DATA SEGMENT
———

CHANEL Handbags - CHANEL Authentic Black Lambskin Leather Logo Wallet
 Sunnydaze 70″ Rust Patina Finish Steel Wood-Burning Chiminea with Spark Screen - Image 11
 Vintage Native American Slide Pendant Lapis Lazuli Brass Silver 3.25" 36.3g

———

WHAT YOU ARE ASKED TO DO
The data must be retyped in full, exactly as it reads.

RESULT OF THIS TASK
CHANEL Handbags - CHANEL Authentic Black Lambskin Leather Logo Wallet
 Sunnydaze 70″ Rust Patina Finish Steel Wood-Burning Chiminea with Spark Screen - Image 11
 Vintage Native American Slide Pendant Lapis Lazuli Brass Silver 3.25" 36.3g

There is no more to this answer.